Not to sound like a bad mom, but I’m looking forward to being able to shut the door when the cats are overwhelming me. You’d think small, cute animals wouldn’t get on my nerves, but just a few days ago, I was preparing to give Phin some shrimp, which he loves, and I had four cats on the dining room table walking around and smelling everything. It was extremely frustrating because only Phin and Piper will eat shrimp, yet four of five just had to know what I had and re-confirm that they didn’t like it. I was pretty cranky after that.

I used to have to hide in my room from my sweet, dearly departed tuxedo cat, Sprinkles Ricardo Blah-Blah, whenever Mom bought me beef jerky because he adored it and would eat it all up from me if I let him. That stuff’s expensive, and it is one of my favorite snacks. Sprinkles would come running whenever he heard the thick plastic bag rustle, even when Mom would sneak it to me!

No More Birthdays

I have anxiety. Bad. I get super anxious hearing other people talk on the phone. My husband makes all calls unless I absolutely have to talk to someone, like for my work. He even has permission to talk to our family doctor and psychiatrist for me. All of that to say, I don’t talk to family on the phone. I always got updated about family by Mom, who would talk to various family members throughout the week. Since I lived with her, I was kept in the loop. All that changed after she died. Family hung around for maybe the first year or two, but then radio silence on both our parts, save a FB group chat with some of my cousins and me.

Around the beginning of April in 2019, one of my aunts called me. She is Mom’s sister-in-law (aka “sister-in-love”), and Mom made her medical power of attorney before she died so my brother and I wouldn’t have to make hard decisions. She, of course, consulted us before making any decisions. I just love this aunt to pieces.

Anyway, my aunt called me and asked if my husband was home, and she wanted me to go to the same room as him. I did so, internally starting to panic. I begged her to please talk to him, I didn’t want to hear what she had to say. By this time, my husband was standing by me, obviously concerned. He caught me when my world fell apart once more.

My big brother (“Bub”), my childhood torturer and hero and only sibling, had a heart attack at work and was found unresponsive. He was taken to Johns Hopkins, where they did all they could, running tests and trying to normalize his temperature and checking for brain activity. He had just turned 39 the month prior.

Since Mom’s car was on the fritz and my husband didn’t think it would make it that far without issues, my cousin was going to take us over the weekend, but Bub didn’t last that long. He left behind an amazing wife and two beautiful, sweet daughters.
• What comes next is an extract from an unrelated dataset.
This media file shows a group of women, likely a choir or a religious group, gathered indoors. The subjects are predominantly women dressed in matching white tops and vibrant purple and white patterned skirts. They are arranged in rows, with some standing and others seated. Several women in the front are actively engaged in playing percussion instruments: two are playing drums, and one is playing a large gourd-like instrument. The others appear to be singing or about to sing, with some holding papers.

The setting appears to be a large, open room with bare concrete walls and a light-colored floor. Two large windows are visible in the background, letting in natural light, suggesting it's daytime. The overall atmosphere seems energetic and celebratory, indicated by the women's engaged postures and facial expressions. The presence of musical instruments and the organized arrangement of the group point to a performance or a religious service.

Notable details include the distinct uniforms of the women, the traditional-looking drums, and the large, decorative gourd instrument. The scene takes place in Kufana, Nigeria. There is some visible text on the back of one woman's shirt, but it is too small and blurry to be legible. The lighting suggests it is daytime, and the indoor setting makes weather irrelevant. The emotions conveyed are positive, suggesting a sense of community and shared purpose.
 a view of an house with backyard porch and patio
A couple of days before they turned the machines off, my sister-in-law called and put the phone to Bub’s ear so I could tell him goodbye. I mostly blubbered and told him I was sorry and that I loved him. He died 9 days before Mom’s death anniversary, 19 days before my birthday. I don’t celebrate my birthday anymore.

I rolled back the time and have been 29 years old for a few years. Everyone started dying after I turned 30. I lost my aunt and my dad the year I turned 30. Dad was a deadbeat, and that drama/trauma is a whole ‘nother story (complete with an Evil Stepmother). I lost Sprinkles, Mom, Ashes, and Soxers all in one year, and two uncles who were surrogate fathers. I’m just done.